* Task directions *
Each line of the data must be set down again without a single difference.

##############################

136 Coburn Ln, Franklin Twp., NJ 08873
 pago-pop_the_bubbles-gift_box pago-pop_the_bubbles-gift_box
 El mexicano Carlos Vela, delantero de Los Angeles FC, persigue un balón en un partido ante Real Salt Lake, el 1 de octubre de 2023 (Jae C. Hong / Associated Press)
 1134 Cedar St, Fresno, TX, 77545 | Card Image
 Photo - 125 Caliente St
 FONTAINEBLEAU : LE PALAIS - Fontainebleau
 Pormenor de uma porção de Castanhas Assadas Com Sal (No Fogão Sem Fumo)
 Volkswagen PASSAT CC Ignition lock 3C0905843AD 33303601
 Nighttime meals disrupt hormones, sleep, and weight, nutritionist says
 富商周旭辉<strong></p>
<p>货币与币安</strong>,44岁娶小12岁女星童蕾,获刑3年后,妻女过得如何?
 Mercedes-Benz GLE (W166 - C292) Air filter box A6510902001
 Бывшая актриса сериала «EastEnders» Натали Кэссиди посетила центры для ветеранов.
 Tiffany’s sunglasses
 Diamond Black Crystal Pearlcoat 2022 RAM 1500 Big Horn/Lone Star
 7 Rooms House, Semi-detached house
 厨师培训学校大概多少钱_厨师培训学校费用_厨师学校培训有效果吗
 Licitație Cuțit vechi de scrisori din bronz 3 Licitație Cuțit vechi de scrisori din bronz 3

##############################

* Result *
136 Coburn Ln, Franklin Twp., NJ 08873
 pago-pop_the_bubbles-gift_box pago-pop_the_bubbles-gift_box
 El mexicano Carlos Vela, delantero de Los Angeles FC, persigue un balón en un partido ante Real Salt Lake, el 1 de octubre de 2023 (Jae C. Hong / Associated Press)
 1134 Cedar St, Fresno, TX, 77545 | Card Image
 Photo - 125 Caliente St
 FONTAINEBLEAU : LE PALAIS - Fontainebleau
 Pormenor de uma porção de Castanhas Assadas Com Sal (No Fogão Sem Fumo)
 Volkswagen PASSAT CC Ignition lock 3C0905843AD 33303601
 Nighttime meals disrupt hormones, sleep, and weight, nutritionist says
 富商周旭辉<strong></p>
<p>货币与币安</strong>,44岁娶小12岁女星童蕾,获刑3年后,妻女过得如何?
 Mercedes-Benz GLE (W166 - C292) Air filter box A6510902001
 Бывшая актриса сериала «EastEnders» Натали Кэссиди посетила центры для ветеранов.
 Tiffany’s sunglasses
 Diamond Black Crystal Pearlcoat 2022 RAM 1500 Big Horn/Lone Star
 7 Rooms House, Semi-detached house
 厨师培训学校大概多少钱_厨师培训学校费用_厨师学校培训有效果吗
 Licitație Cuțit vechi de scrisori din bronz 3 Licitație Cuțit vechi de scrisori din bronz 3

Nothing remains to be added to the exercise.